(MATERIAL SHOWN Opens)

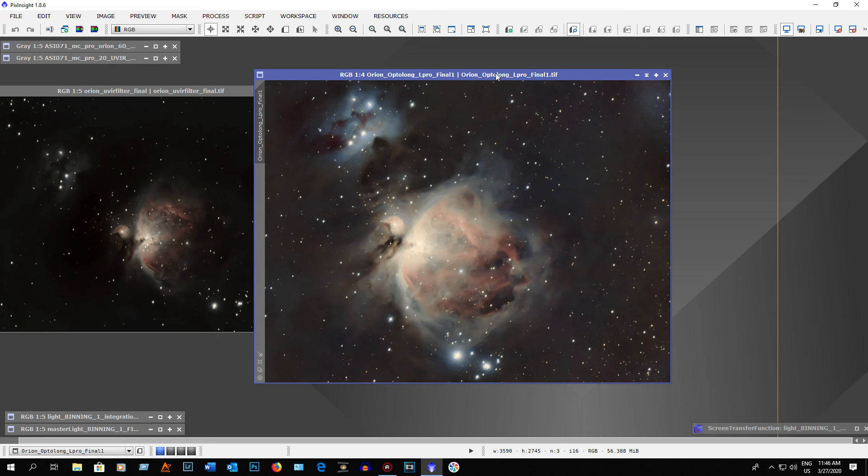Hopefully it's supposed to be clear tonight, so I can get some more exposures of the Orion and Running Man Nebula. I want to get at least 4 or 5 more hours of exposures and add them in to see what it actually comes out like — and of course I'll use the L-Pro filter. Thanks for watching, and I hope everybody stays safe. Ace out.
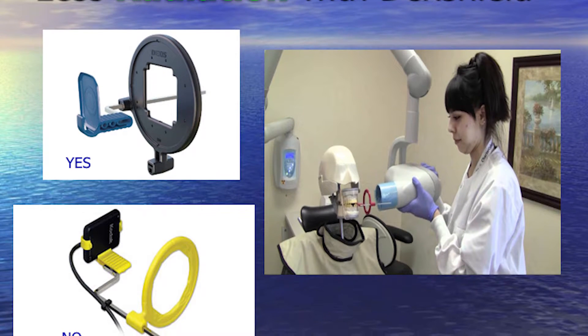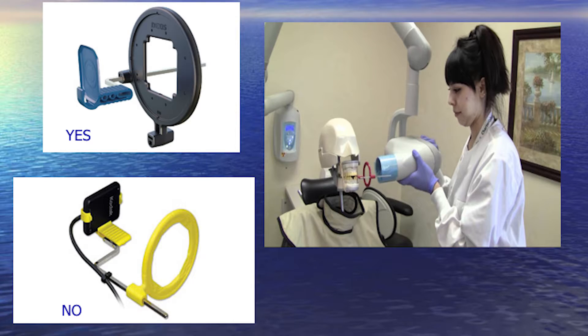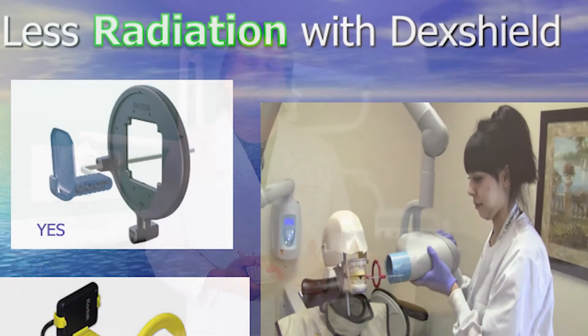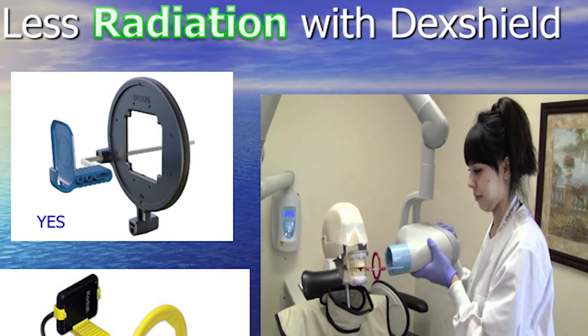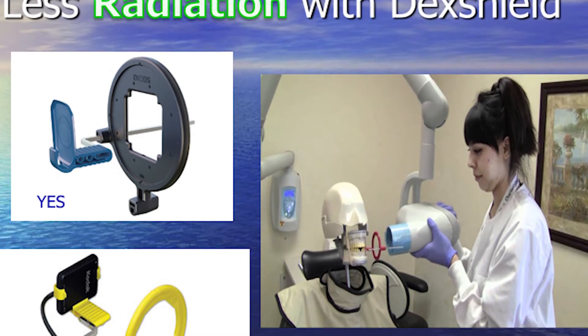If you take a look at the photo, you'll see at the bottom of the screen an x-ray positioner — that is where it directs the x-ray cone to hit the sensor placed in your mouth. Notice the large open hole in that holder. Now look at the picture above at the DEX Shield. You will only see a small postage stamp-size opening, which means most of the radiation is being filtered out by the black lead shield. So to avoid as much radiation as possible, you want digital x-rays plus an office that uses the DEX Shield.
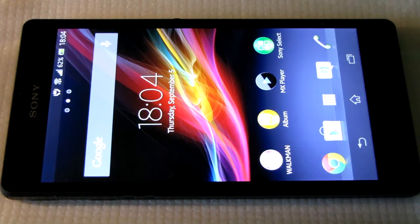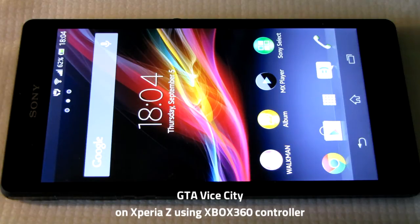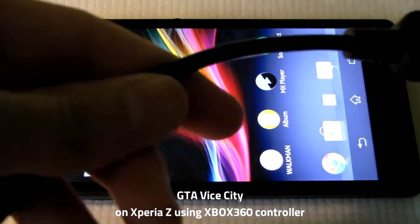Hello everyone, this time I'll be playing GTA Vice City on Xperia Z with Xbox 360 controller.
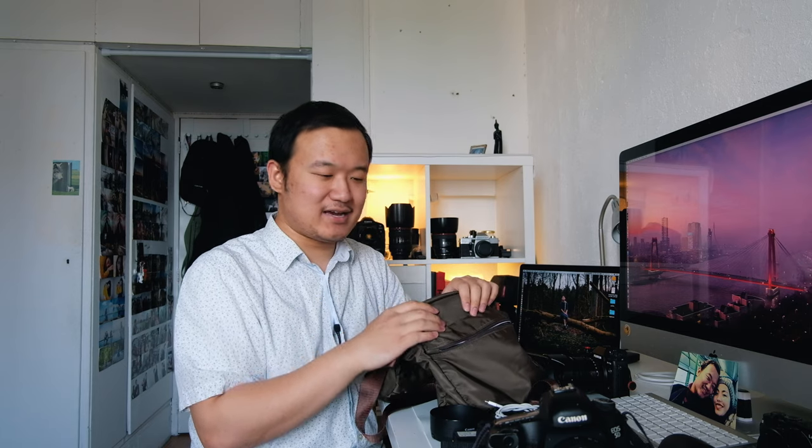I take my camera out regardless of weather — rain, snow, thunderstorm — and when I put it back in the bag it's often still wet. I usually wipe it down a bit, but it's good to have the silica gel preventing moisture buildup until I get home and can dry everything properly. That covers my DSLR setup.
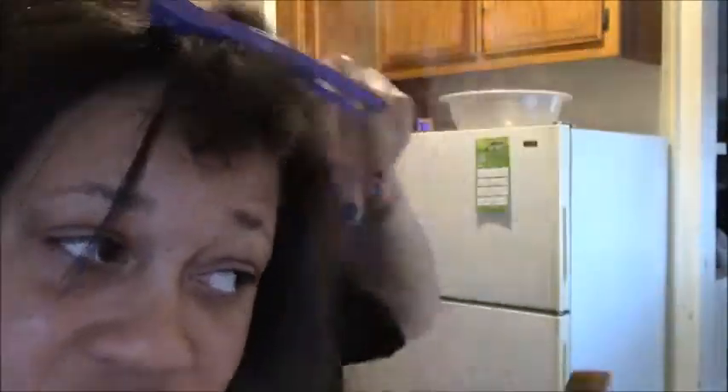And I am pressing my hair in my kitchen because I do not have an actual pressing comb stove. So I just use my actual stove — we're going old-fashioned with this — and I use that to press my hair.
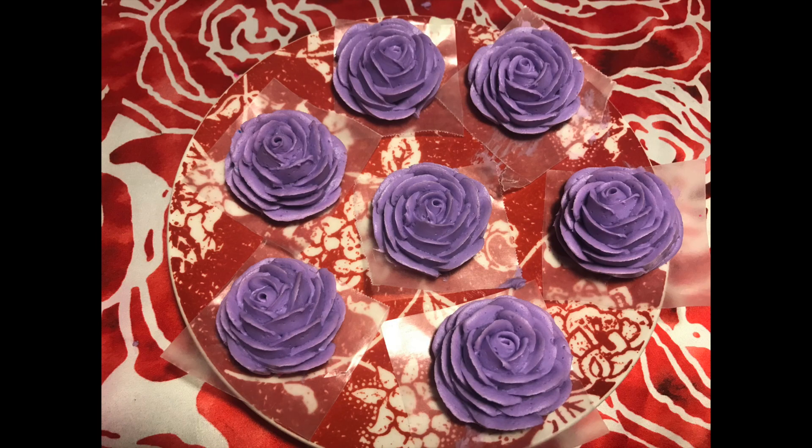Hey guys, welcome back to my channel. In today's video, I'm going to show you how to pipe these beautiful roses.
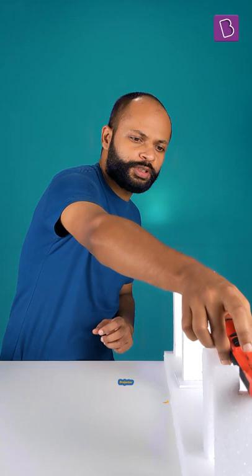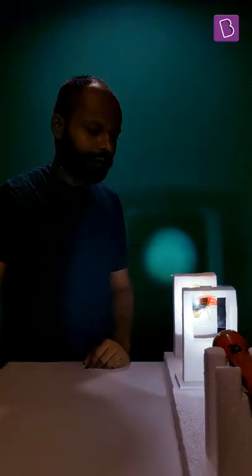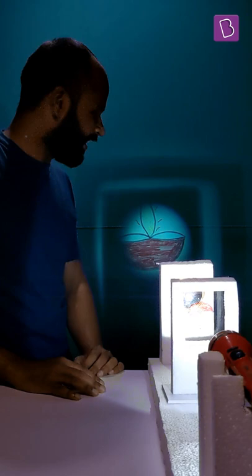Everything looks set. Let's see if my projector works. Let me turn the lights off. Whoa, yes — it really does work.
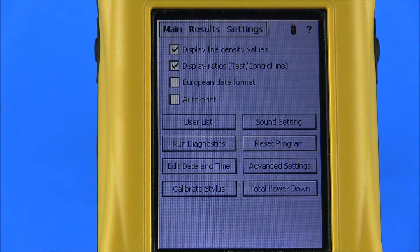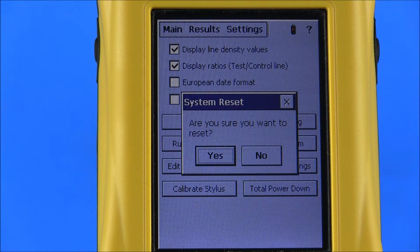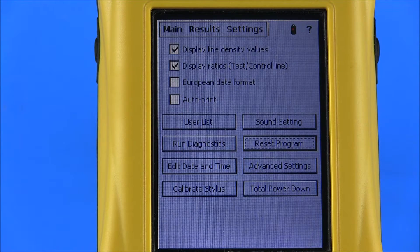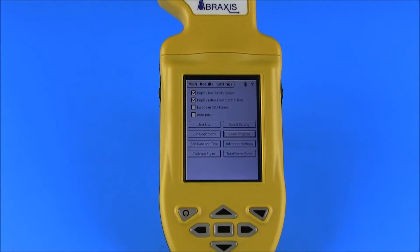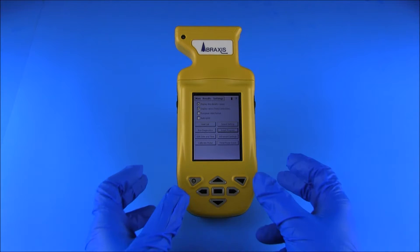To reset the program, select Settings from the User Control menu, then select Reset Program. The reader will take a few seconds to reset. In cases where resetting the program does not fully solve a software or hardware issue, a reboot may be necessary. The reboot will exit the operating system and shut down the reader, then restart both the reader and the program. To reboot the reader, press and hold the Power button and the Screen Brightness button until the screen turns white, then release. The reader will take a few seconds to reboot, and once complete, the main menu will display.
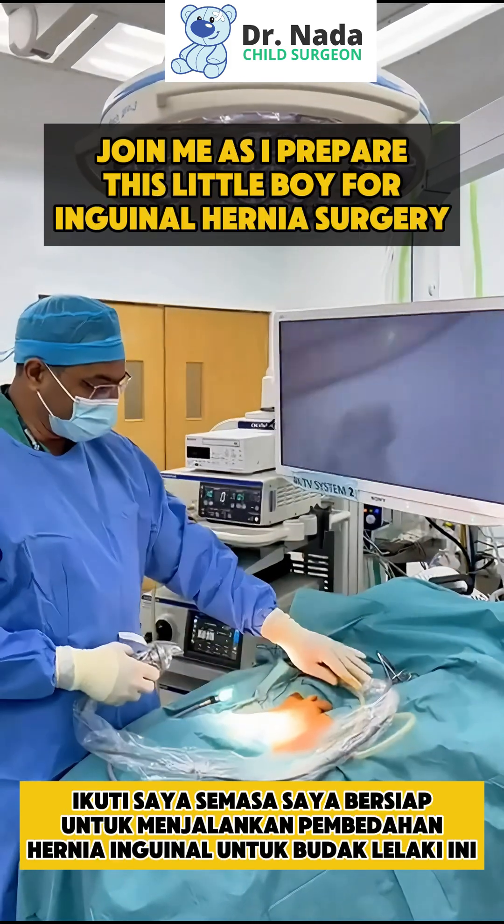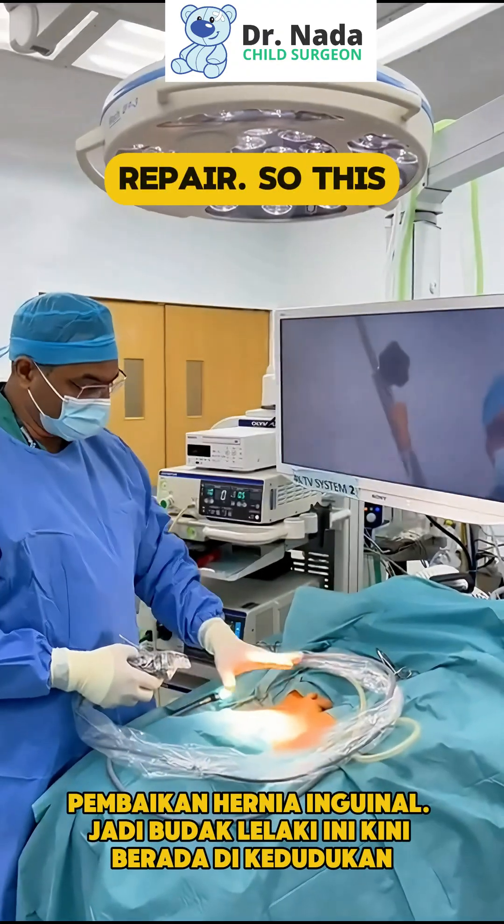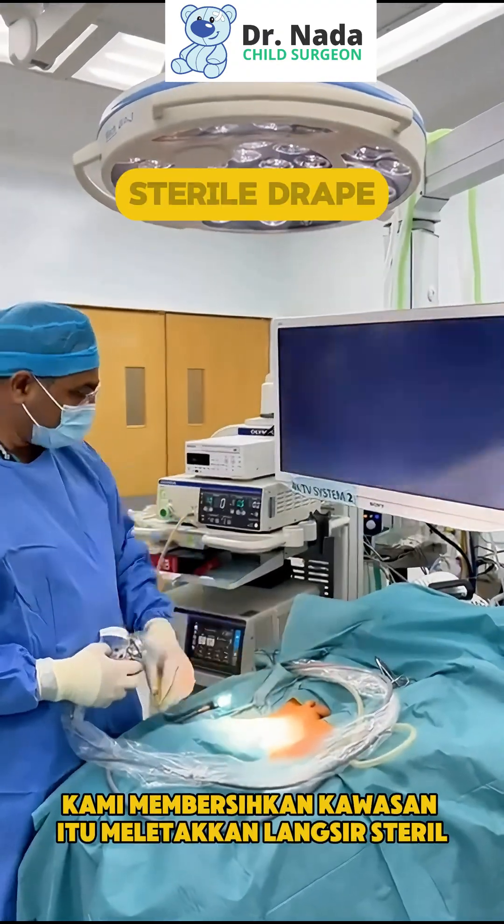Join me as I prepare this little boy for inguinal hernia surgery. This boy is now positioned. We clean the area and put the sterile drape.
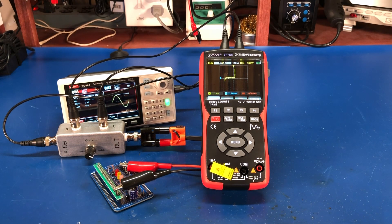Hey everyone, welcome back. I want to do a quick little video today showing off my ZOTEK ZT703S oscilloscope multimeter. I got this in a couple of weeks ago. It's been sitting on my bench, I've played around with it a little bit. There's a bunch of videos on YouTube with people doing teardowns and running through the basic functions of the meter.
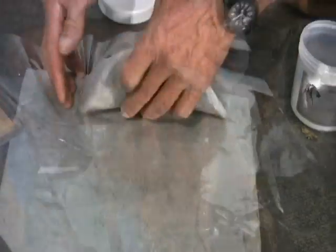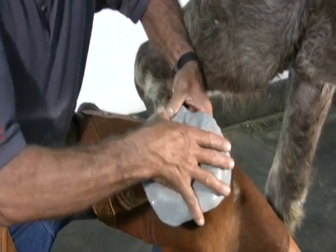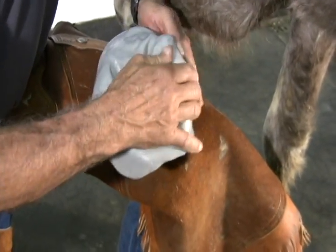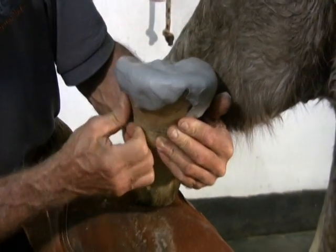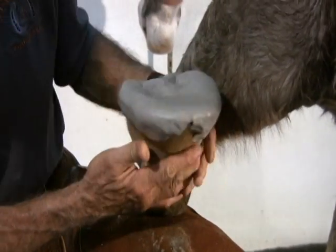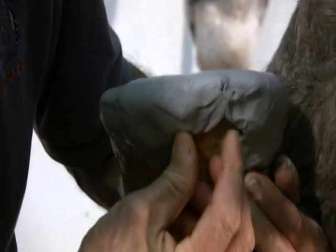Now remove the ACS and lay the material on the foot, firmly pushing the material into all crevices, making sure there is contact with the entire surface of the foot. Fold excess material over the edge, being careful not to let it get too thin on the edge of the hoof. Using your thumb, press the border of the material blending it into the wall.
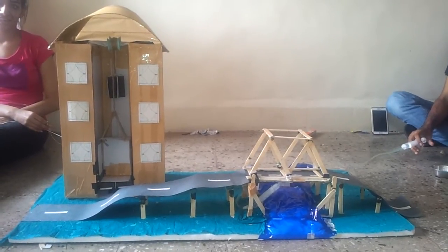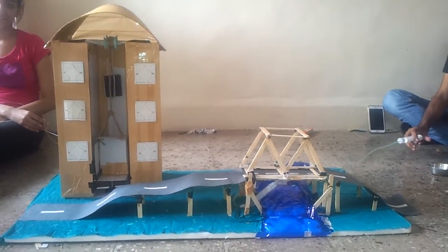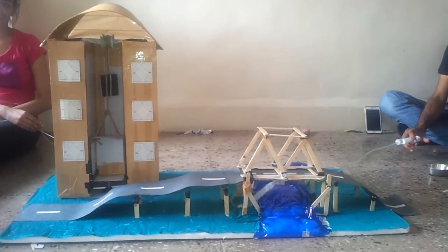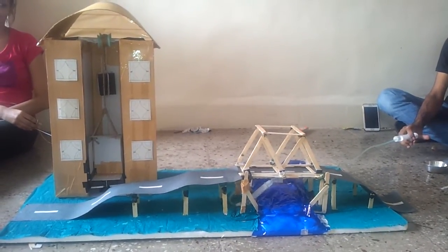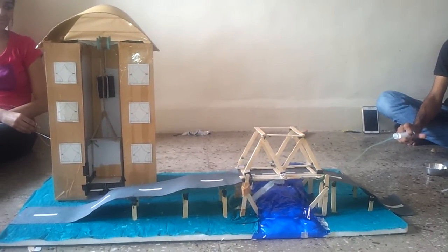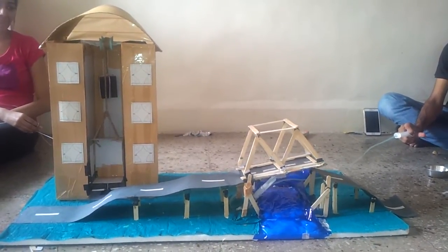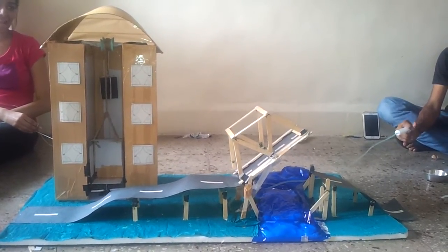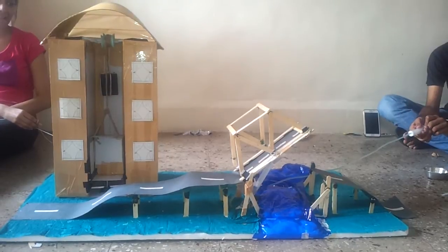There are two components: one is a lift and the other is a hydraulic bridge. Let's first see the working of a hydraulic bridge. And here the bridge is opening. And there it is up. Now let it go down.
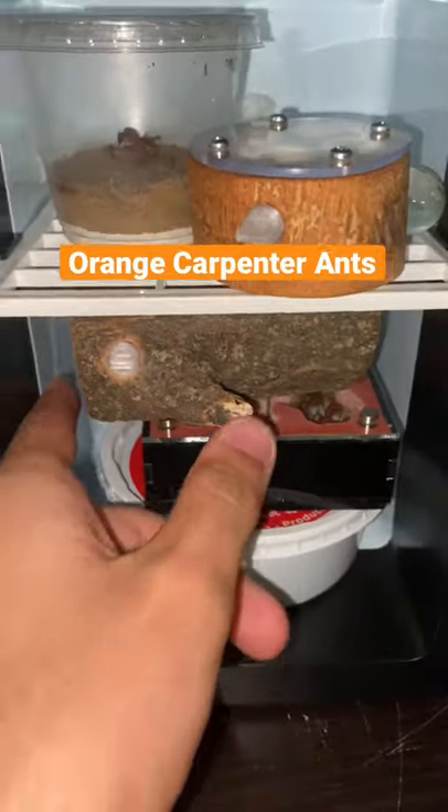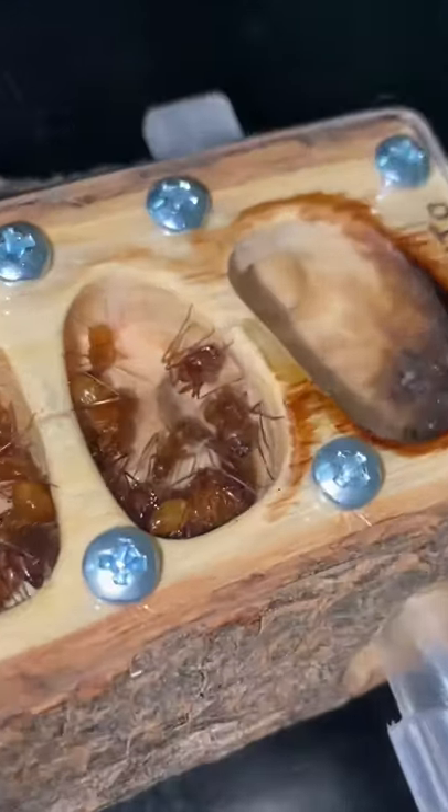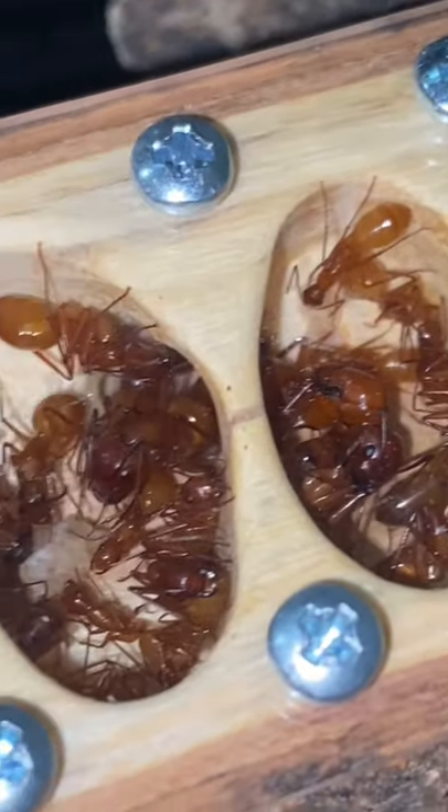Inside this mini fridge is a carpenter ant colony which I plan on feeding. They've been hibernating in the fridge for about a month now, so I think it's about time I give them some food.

(MATERIAL SHOWN Closes)

▶ [TASK TO COMPLETE]
Write out exactly the lines between the start of the data and the line with "I take my camera", including both, but none of the pictures.

▶ [RESULT OF THIS TASK]
Hopefully it's supposed to be clear tonight, so I can get some more exposures of the Orion and Running Man Nebula. I want to get at least 4 or 5 more hours of exposures and add them in to see what it actually comes out like — and of course I'll use the L-Pro filter. Thanks for watching, and I hope everybody stays safe. Ace out.
If you take a look at the photo, you'll see at the bottom of the screen an x-ray positioner — that is where it directs the x-ray cone to hit the sensor placed in your mouth. Notice the large open hole in that holder. Now look at the picture above at the DEX Shield. You will only see a small postage stamp-size opening, which means most of the radiation is being filtered out by the black lead shield. So to avoid as much radiation as possible, you want digital x-rays plus an office that uses the DEX Shield.
Hello everyone, this time I'll be playing GTA Vice City on Xperia Z with Xbox 360 controller.
I take my camera out regardless of weather — rain, snow, thunderstorm — and when I put it back in the bag it's often still wet. I usually wipe it down a bit, but it's good to have the silica gel preventing moisture buildup until I get home and can dry everything properly. That covers my DSLR setup.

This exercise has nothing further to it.